But this time, other developments have partially offset the advantage. For the IT sector, wage costs continue to rise, given the shortage of talent. And the dollar has strengthened against the pound and the euro, adversely impacting Indian IT companies’ dollar revenue (30-40% revenue comes from the UK and Europe).
“Some of the advantage has been taken away as several other currencies have seen a sharper depreciation than the rupee, especially among our competing markets,” said Ajay Sahay, director general of FIEO, the group dominated by manufacturing exporters.
In any case, the full benefit does not flow to exporters, as a part of gains are with the buyer. Besides, a weaker rupee has made imports more expensive, resulting in inflation and putting pressure on costs.

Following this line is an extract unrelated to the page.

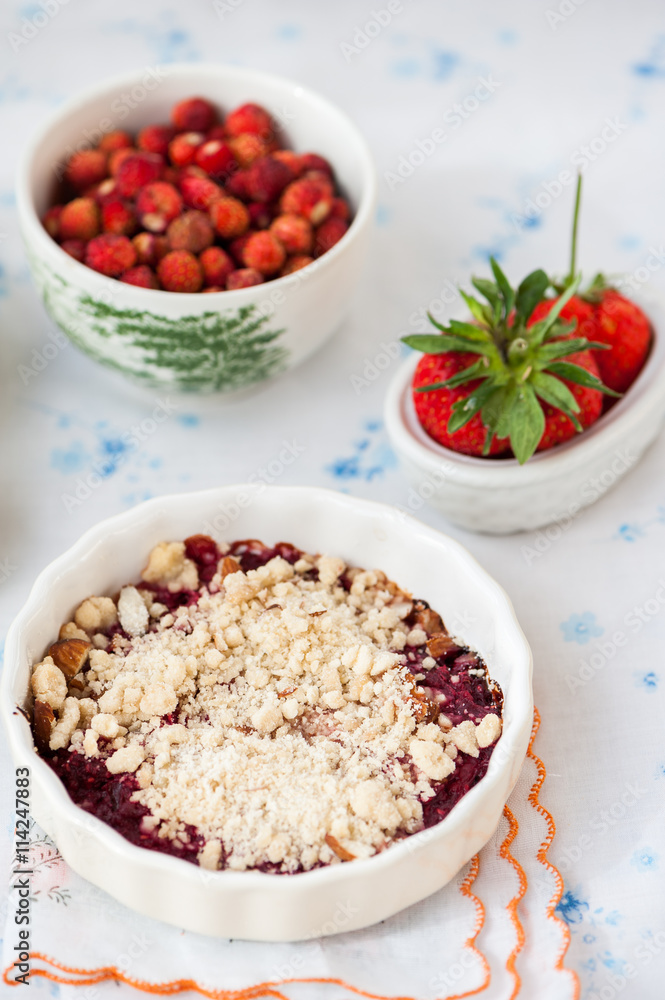 Rhubarb, strawberry and cherry crumble Rhubarb, strawberry and cherry crumble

Vinit Teredesai, chief financial officer at Mindtree, said the rupee movement is margin-positive in the short term, but the inflation will not be good in the medium to long term. The dollar strengthening against the pound and euro, he said, has had an adverse impact.
TCS registered an operating margin of 23.1% in the June quarter, which was 190bps down sequentially and 240bps lower than a year ago. TCS CFO Samir Seksaria said the dollar strengthening against most currencies had a 25bps positive impact on margins. But all that was negated by the increase in wage costs.
Mitul Shah, head of research at Reliance Securities, said the gains Indian companies made from the rupee slipping were nullified by a nearly 100bps cross-currency headwind. Margins, he said, were also impacted by wage hikes and supply-side pressures.